1) Field of the Invention
The present invention relates to an ambient light detector that detects a change in light amount of ambient light, a light source lighting controlling device that controls lighting of a light source using the ambient light detector, and a reader including the ambient light detector and/or the light source lighting controlling device.
2) Description of the Related Art
Conventionally, bar-code readers have been widely used to read bar-codes. The bar-code reader reads a bar-code by irradiating and scanning light flux such as a laser beam onto an article and then condensing and detecting the light flux reflected on the article.
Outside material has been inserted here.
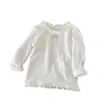 Camisa Básica de Primavera e Outono para Meninas, Camiseta de Manga Longa com Laço e Gola de Orelha, Top Branco Doce e Versátil para Bebês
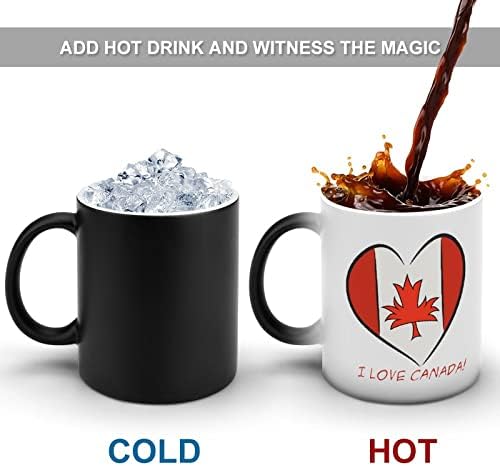 Eu amo o Dia do Canadá Creative Descoloration Ceramic Coffee Cuple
FIG. 25 is a block diagram used for explaining the configuration of a general bar-code reader. Referring to FIG. 25, numeral 101 represents a bar-code printed on a surface of an article. The bar-code 101 includes plural white bars and plural black bars arranged alternately to each other.
Numeral 102 represents an optical system for a bar-code reader. Numeral 103 represents a laser emitting unit, e.g. a laser light source, emitting a laser beam L1.
Numeral 104 represents a scanning mechanism. The scanning mechanism 104 scans the laser beam L1 emitted from the laser emitting unit and sends out of the bar-code reader, and irradiates the scanning beam L2 onto the bar-code 101 while it sends the reflected beam R2 into the photoelectric converting unit (to be described later) in response to the reflection beam R1 reflected on the bar-code 101.
The scanning mechanism 104 is formed of, for example, a polygon mirror driven by a motor and a Galvano-mirror. When the polygon mirror is rotated, the laser beam reflected with the polygon mirror is scanned in a fixed direction and at a fixed rate.
Additionally some scanning mechanisms 104 include a split mirror which produces plural scanning beams L2 from a laser beam scanned with a polygon mirror.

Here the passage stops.